My Faves for Tuesday, March 17, 2009

A succinct summary of the outcome of the UKRDS (UK Research Data Service feasibility study) meeting on 26 February on Neil Beagrie's blog, with links to the executive summary report and presentations from the international set of speakers.

The full event was also blogged extensively by Chris Rusbridge at http://digitalcuration.blogspot.com/2009/02/ukrds-conference-1.html, (see also continuation posts 2, 3, and 4).

Andy Powell's blog, http://efoundations.typepad.com/efoundations/2009/03/a-national-research-data-service-for-the-uk.html, summarises his critical live twittering of the event and includes a number of comments by others.

[tags: website, report, service, data management]

See the rest of my Faves at Faves

Wednesday 11 March 2009

My Faves for Tuesday, March 10, 2009

The Guardian have compiled a Data Store whose aim

“is to make important data more accessible to people.”

It consists of a set of links to data and statistics pertaining to a range of contemporary subjects including: Migration, Education, Health (UK and beyond), Military, Politics, Unemployment, Finance.

Within each data page there’s a link to a Google spreadsheet where you can see, download and manipulate the data.

The accompanying Datablog provides an avenue through which such statistics and data can be discussed.

[tags: data sharing]

See the rest of my Faves at Faves

Friday 6 March 2009

Research data into Fedora at Oxford


The JISC funded DISC-UK DataShare project in Oxford has brought together several units within the collegiate University: the Oxford University
Library Services, the Nuffield College Data Library, the Oxford University Computing Services and the Oxford e-Research Centre.


This post looks into some of the work carried out by my colleagues in the Library to explore ways to manage research data into Fedora.
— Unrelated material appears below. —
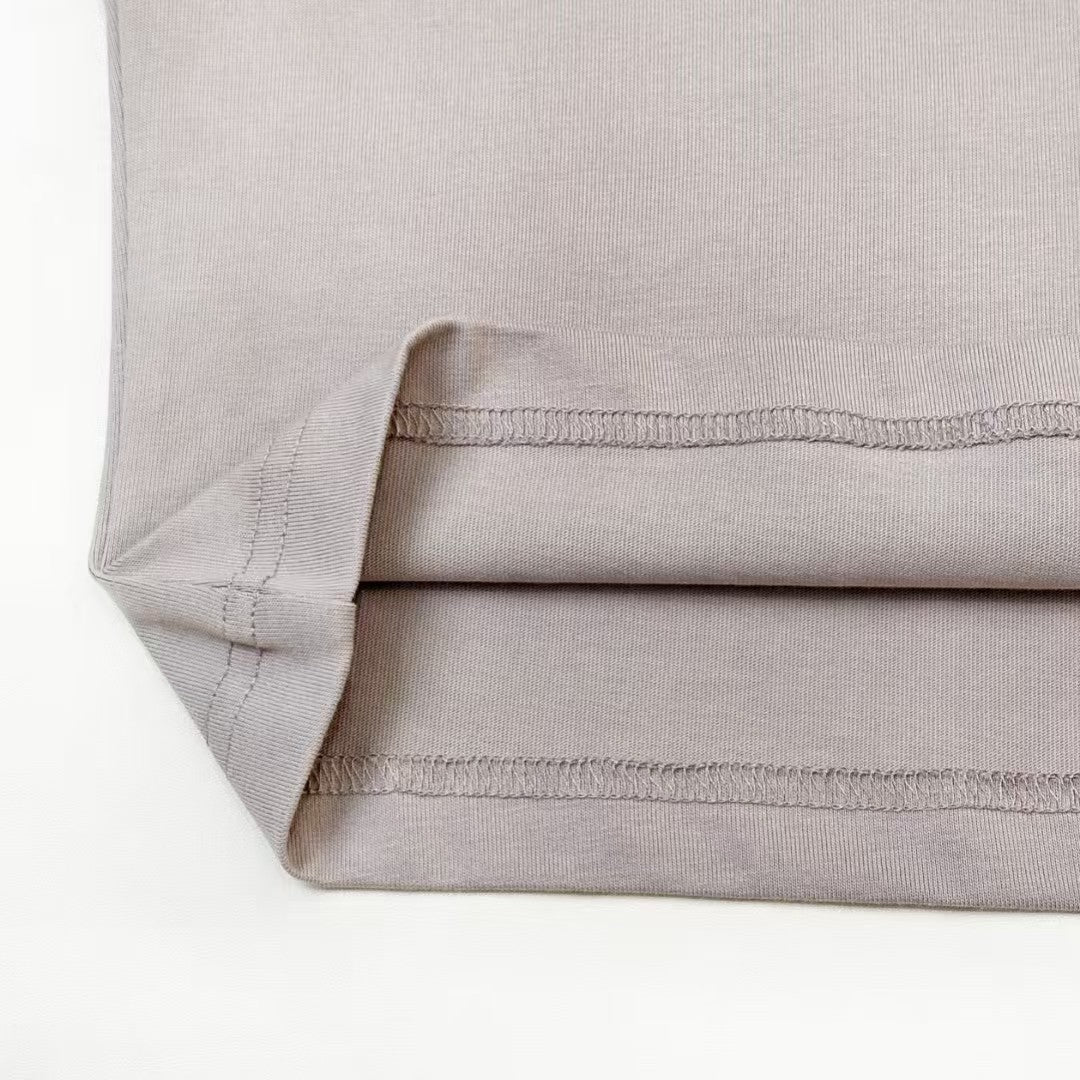 loose fit short sleeves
These efforts are recounted in the blog of Ben O'Steen, Oxford Research Archive Software Engineer. 

Some months ago Ben already provided an exceptional account of the challenges encountered when ingesting a research dataset into FEDORA. He described how he dealt with the modelling and storing of a phonetics dataset given to him on a DVD-R, containing around 600 audio files organized in a hierarchical structure.
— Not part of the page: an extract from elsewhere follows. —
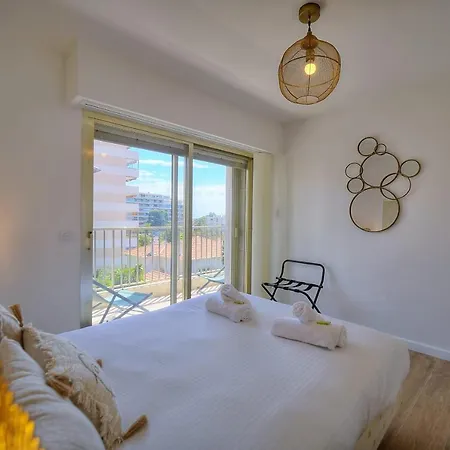 Appartement Immogroom - 5 Min From The Croisette Beaches - Terrace - Ac - Sea View *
In a more recent post Ben talks again about storing, curating and presenting research data. This time he focuses on tabular data and highlights the importance of capturing the implicit information (columns data types, table interlinks), keeping the original dataset as well as maintaining a version of the data in a well-understood format with a description of the tables in a machine readable way.

This post also identifies a gap in institutional and departmental  IT support for those researchers needing to store tables of data and suggests HBase as the type of basic service that could be provided to avoid the free-form tabular datasets as well as to educate researchers.

All this work has been taking place in parallel to the scoping study I have been conducting in the last 15 months to scope the requirements for services to manage and curate data. This project is, like DataShare, finishing at the end of March but there will certainly be more data management and curation related activities in the University of Oxford.